A mediodía, cuando voy a dejarle la comida, lo encuentro de pie, de espaldas a mí, balanceando el cuerpo como si quisiera golpear el tronco de la encina con la frente. Está hablando solo, o quizá con la encina o con sus recuerdos. Dejo la bandeja en su lugar, pero esta vez me aseguro de que oye el tintineo de los cubiertos. Deja de hablar, pero sigue de espaldas a mí.

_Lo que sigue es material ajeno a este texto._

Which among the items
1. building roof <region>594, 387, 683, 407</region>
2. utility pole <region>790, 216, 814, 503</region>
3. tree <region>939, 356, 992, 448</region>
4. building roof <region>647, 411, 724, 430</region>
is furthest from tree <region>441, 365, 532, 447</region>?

Me señalo el pecho, digo mi nombre y al instante me siento estúpida: «Señora Holman. Me llamo Eva Holman». Kaiser se ha acercado y olisquea el plato de arroz que hay sobre la bandeja. Lo miro con severidad hasta que se retira babeando hacia el lugar donde el hombre sigue quieto. «Señora Holman», murmuro, a punto de darme por vencida. No volveré a decir mi nombre a la espalda de nadie. Ha sido un error. Todo esto es una locura. Mi descabellado intento por comprender. Y entonces habla. Al principio no entiendo lo que dice. El tronco de la encina parece comerse sus palabras. «Leva», dice, y lo sigue repitiendo mientras voy a la casa en busca del cuaderno.
Por la noche llevo a Iosif a la cama antes de su hora. Me pregunta por el «pordiosero». Le doy largas mientras, sentado sobre la lana del colchón, le subo las manos para embutirlo en su camisola de dormir. Bajo sus brazos penden dos bolsas gelatinosas. Su cuerpo entero tiende al suelo de ese mismo modo.

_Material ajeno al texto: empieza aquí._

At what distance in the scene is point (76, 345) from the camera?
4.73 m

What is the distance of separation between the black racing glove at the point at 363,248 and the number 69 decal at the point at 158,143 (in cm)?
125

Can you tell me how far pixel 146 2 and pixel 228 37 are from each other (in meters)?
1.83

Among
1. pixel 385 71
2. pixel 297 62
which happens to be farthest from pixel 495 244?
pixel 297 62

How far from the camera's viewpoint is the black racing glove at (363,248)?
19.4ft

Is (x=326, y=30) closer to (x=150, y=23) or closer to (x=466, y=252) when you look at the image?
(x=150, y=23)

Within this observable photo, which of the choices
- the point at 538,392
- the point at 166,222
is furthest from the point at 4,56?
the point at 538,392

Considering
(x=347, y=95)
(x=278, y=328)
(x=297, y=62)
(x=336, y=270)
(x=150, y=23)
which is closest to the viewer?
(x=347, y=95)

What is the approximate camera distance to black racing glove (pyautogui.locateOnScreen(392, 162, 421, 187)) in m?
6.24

Para cuando me siento a escribir, sus ronquidos parecen olas secas batiendo contra un espigón. Con la pluma en la mano, lo miro y siento la extrañeza de verme en medio de un campo de batalla, entre ejércitos que aguardan para aniquilarse.
Debo contener a Iosif y, al tiempo, atender a aquello que el hombre del huerto parece querer decirme.

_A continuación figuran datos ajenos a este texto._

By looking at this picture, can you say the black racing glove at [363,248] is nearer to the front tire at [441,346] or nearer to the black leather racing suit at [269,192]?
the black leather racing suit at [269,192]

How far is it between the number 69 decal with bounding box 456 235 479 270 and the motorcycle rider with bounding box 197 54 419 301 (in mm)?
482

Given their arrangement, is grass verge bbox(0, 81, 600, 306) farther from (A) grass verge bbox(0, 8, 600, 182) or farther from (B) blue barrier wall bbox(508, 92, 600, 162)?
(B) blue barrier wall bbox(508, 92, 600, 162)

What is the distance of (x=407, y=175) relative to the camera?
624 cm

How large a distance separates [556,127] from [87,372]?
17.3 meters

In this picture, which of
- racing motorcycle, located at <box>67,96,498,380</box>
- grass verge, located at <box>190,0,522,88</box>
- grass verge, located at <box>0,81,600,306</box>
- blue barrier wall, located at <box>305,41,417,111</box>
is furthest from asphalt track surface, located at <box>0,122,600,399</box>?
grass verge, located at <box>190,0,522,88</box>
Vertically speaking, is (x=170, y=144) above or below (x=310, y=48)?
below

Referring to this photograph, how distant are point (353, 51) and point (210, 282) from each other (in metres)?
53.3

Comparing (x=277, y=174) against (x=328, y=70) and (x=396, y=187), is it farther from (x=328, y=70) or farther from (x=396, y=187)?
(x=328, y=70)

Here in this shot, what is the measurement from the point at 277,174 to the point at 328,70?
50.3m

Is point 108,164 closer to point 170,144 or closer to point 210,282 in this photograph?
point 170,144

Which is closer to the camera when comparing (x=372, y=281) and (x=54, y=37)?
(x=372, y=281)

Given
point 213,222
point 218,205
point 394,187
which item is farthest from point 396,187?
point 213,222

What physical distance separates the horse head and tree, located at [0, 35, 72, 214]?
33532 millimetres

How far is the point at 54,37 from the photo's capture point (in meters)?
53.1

La pluma rasca el papel, un sonido cordial junto a la llama ondulante de la bujía. Retomo el trabajo donde lo dejé el día anterior y escribo que no le es posible saber cuánto tiempo lleva en el camión, ni dónde estaba antes. Tampoco la dirección que toma cuando emprende la marcha. Primero piensa que van a Portugal y luego que se dirigen a Badajoz. «Teresa», murmura, alineando su voz con la vibración de la caja.
Los baches le adormecen.
No consigue despertarse plenamente ni cuando, por fin, el camión se detiene y la máquina deja de rugir. La vibración da lugar a un barullo de gritos al otro lado de las tablas y de empujones dentro. Gente que va y viene, soldados que vocean, algún disparo lejano, llantos infantiles y ladridos. Desde fuera golpean las puertas con dureza de martillo. Leva, que yace junto a ellas, se sobresalta y trata de llegar al fondo de la caja, creyendo que allí encontrará refugio. Al hacerlo, tropieza y cae sobre cuerpos que gruñen. Se arrastra y, por más que lo intenta, no logra alcanzar su objetivo porque ya hay, adherido a la última pared, un grupo de personas que ha huido hacia ese lugar antes que él.